Omar Abdullah: The Public Safety Act is a piece of legislation born long before militancy. It was born out of the need to take preemptive action in various scenarios,including timber smuggling. The only changes we have made to the PSA are to make it less harsh. Every law allows juveniles to be subject to the law provided you treat them as juveniles and not as grown-up offenders. But if a 16-year-old is a perpetual stone-pelter who wants nothing more than to create trouble,then the law should take its own course. I’m not suggesting that a 16-year-old should be sent to jail,because then he will come out much worse than he went in, but we have juvenile detention centres. I would love not to have to pick up these chaps. As long as stone pelting doesn’t happen,arrests won’t happen.

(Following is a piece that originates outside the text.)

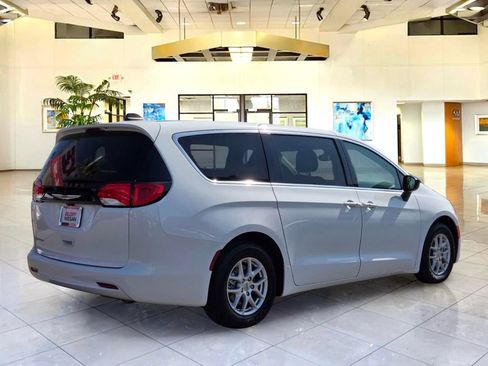 Used 2024 Chrysler Voyager LX FWD image 5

As for the draft Police Bill,what is wrong with putting a draft piece of legislation up for public scrutiny? The draft Police Bill is the creation of an order of the Supreme Court where they wanted state governments to de-politicise the police. So we are looking to produce a good piece of legislation.

Ambreen Khan: In our country,we have only two young chief ministers: Akhilesh Yadav and you. Both of you have larger-than-life fathers.

Omar Abdullah: Akhilesh has a much tougher job than I do. I would freak out if my father made as many public comments about my governance as poor Akhilesh’s father makes about his. If Akhilesh is seen to be doing well,it will benefit his father. It doesn’t help his father’s case if he himself makes a case that Akhilesh is not performing. Everybody says mine is the toughest job in the country but I think his is tougher.

Zubair Bhat: What do you as a Kashmiri think the people of Kashmir want?

Omar Abdullah: If there was a simple answer to this question,Kashmiris would’ve got it by now. There isn’t a fixed constituency in Kashmir for what they want. I think Kashmiris recognise what idealistically they would like and what is realistically possible. In an ideal world,they would like to be free. That’s not going to happen. Therefore,they accept that the relationship of J&K with the rest of India is what it is. But when innocent people are killed in Pathribal or in Machhil,when people don’t see justice follow on from that,then clearly suspicion sets in,disenchantment sets in. Then the constituency for a non-Indian solution grows. It’s a reality that we have to live with. When things are good,normal,when life goes on well,that constituency shrinks. But when you have summers like 2010 or situations like the aftermath of Afzal Guru’s execution,then that constituency grows for a while. And it is our responsibility to ensure that that constituency shrinks to the best extent possible. But don’t ever expect a situation where 100 per cent people in Kashmir will thump their chest and say we are Indian because that will never happen.